▸ Task requirements
When you reach the line below that has "New 2026 Chevrolet", start returning lines exactly, and stop after the line that has "Catalog Designer Saree."; skip the pictures.

▸ Raw data
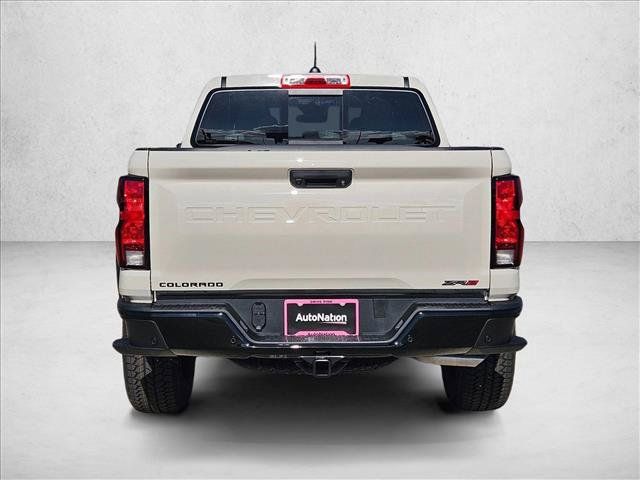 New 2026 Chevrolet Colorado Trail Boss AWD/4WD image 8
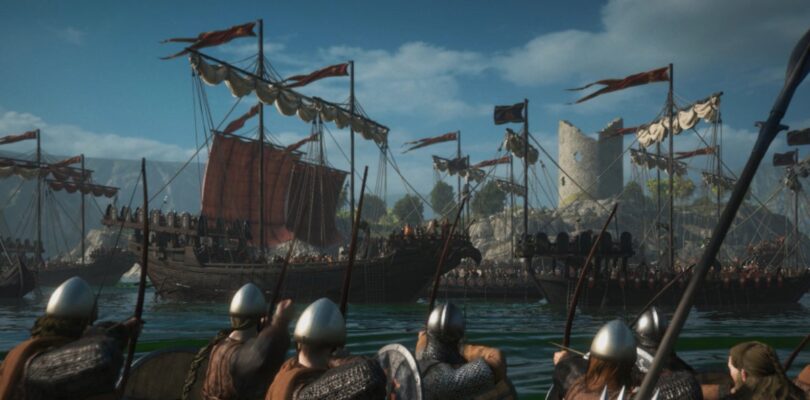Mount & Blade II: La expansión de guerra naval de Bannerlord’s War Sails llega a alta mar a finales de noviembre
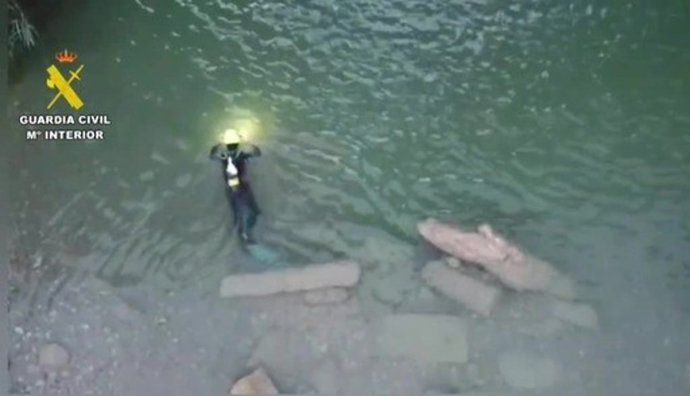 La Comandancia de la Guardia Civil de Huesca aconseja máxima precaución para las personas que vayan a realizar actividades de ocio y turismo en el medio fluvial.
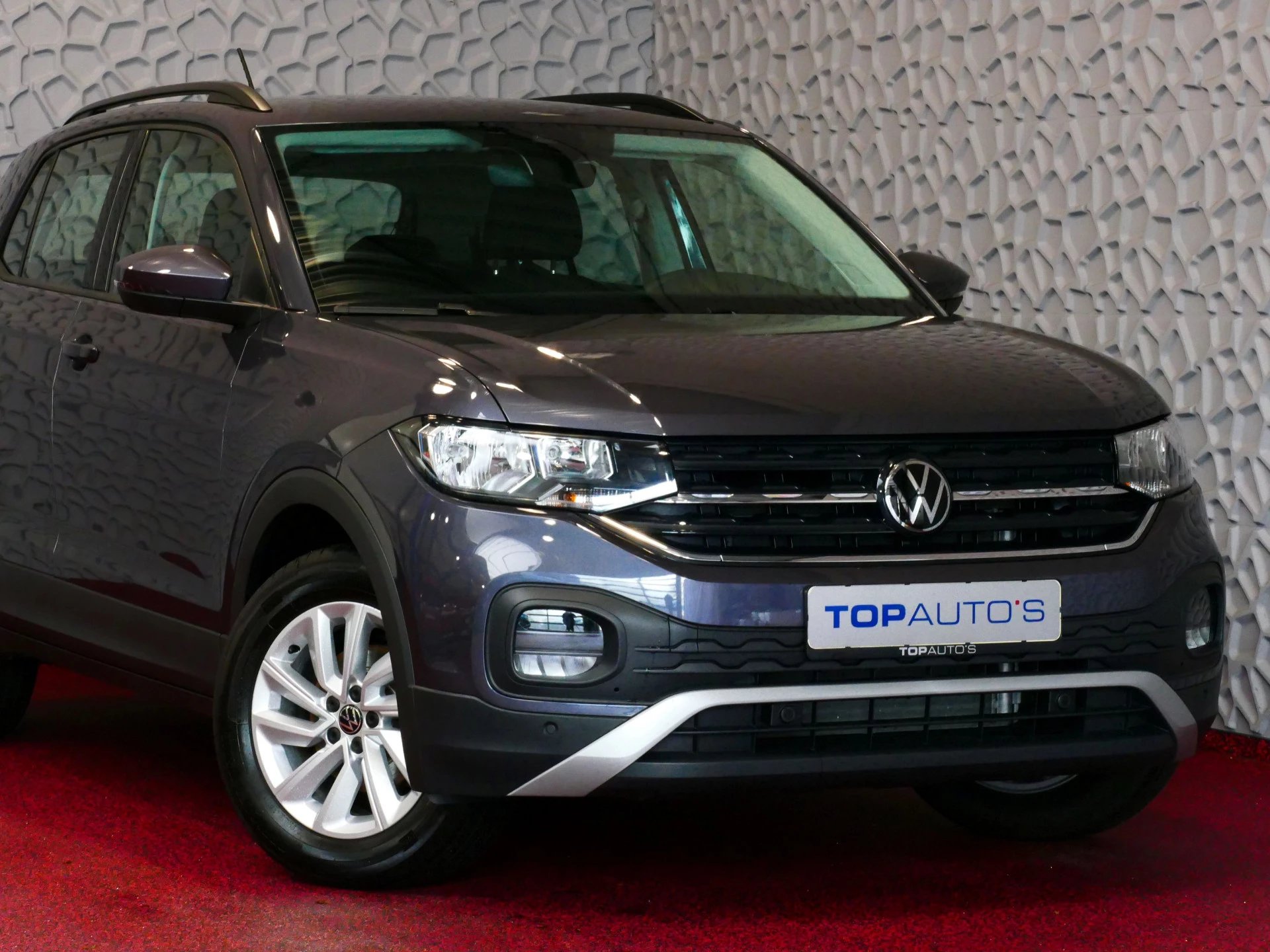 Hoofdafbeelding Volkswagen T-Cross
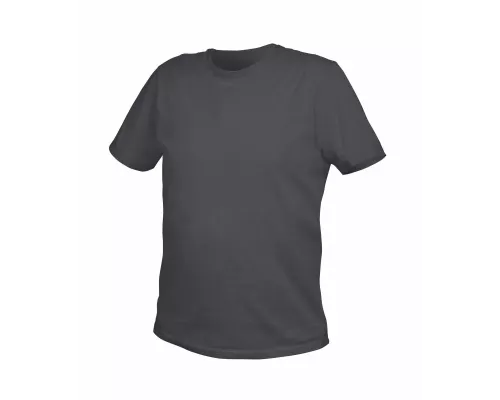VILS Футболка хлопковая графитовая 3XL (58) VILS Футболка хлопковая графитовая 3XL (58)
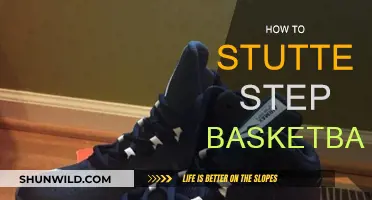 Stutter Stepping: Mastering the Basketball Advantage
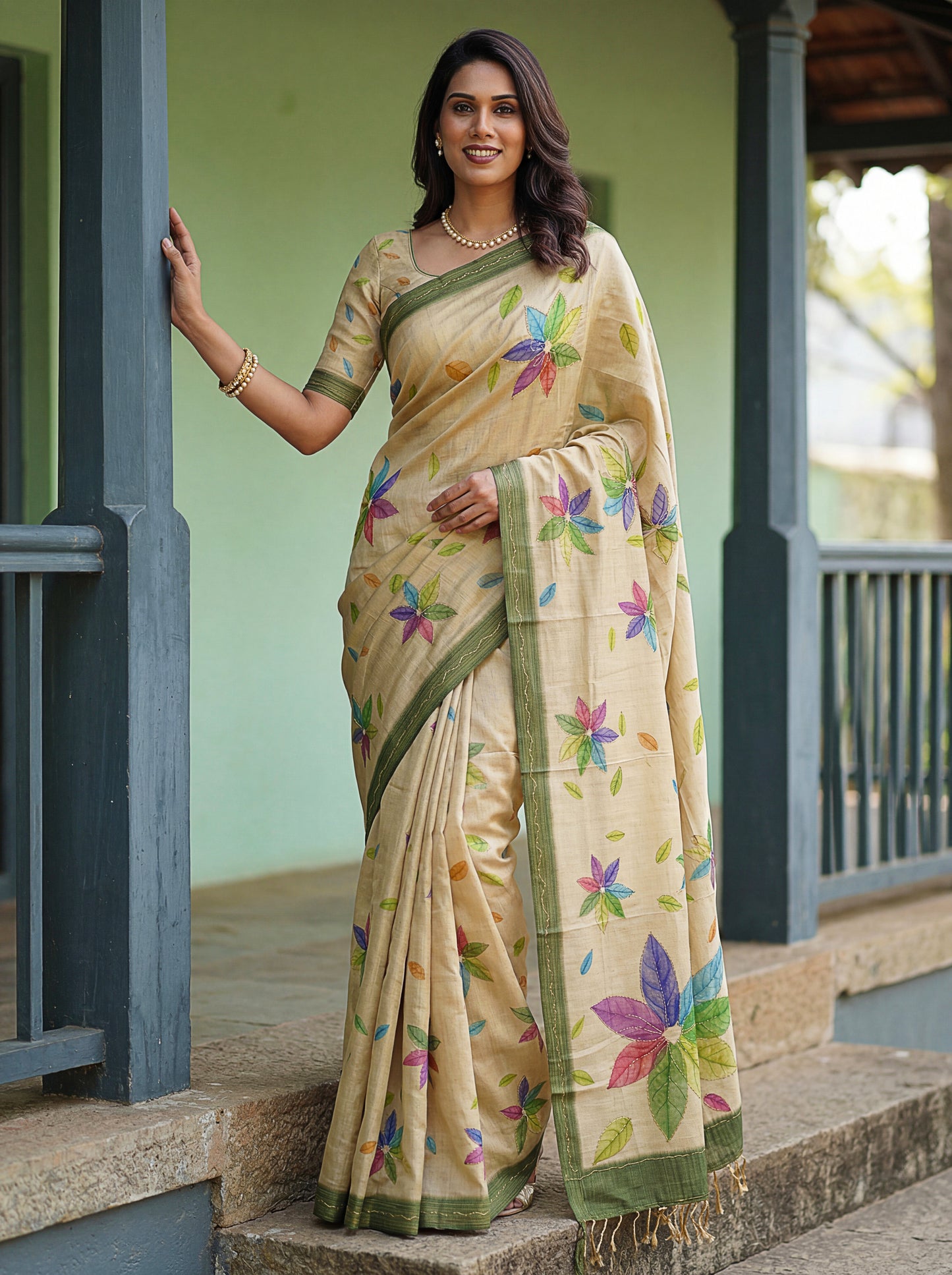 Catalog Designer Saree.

...

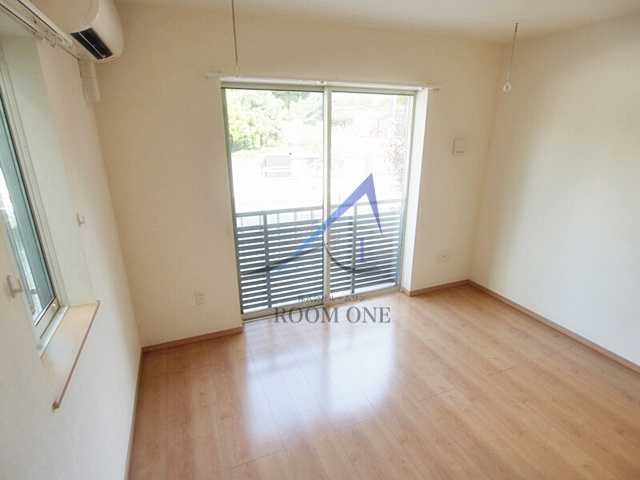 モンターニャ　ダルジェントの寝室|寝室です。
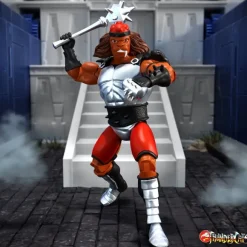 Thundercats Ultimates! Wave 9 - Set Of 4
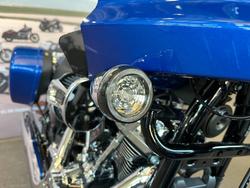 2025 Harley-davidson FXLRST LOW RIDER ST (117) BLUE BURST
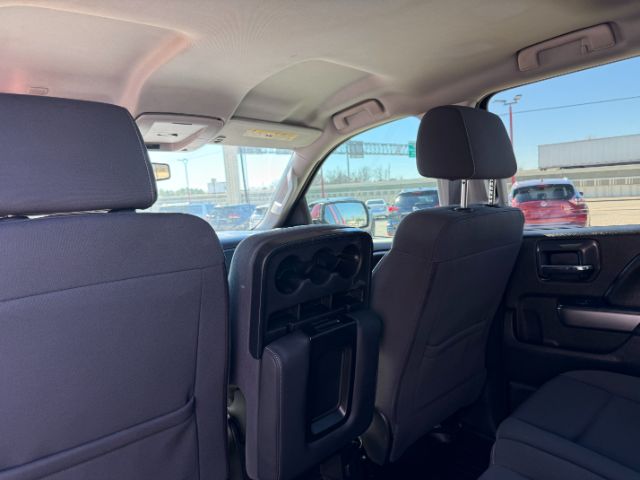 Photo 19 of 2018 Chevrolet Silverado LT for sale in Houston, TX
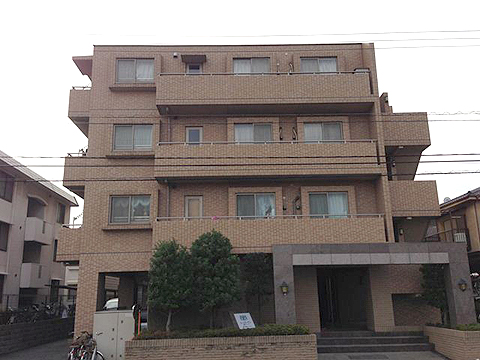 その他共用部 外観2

▸ Solved problem
 New 2026 Chevrolet Colorado Trail Boss AWD/4WD image 8
Mount & Blade II: La expansión de guerra naval de Bannerlord’s War Sails llega a alta mar a finales de noviembre
 La Comandancia de la Guardia Civil de Huesca aconseja máxima precaución para las personas que vayan a realizar actividades de ocio y turismo en el medio fluvial.
 Hoofdafbeelding Volkswagen T-Cross
VILS Футболка хлопковая графитовая 3XL (58) VILS Футболка хлопковая графитовая 3XL (58)
 Stutter Stepping: Mastering the Basketball Advantage
 Catalog Designer Saree.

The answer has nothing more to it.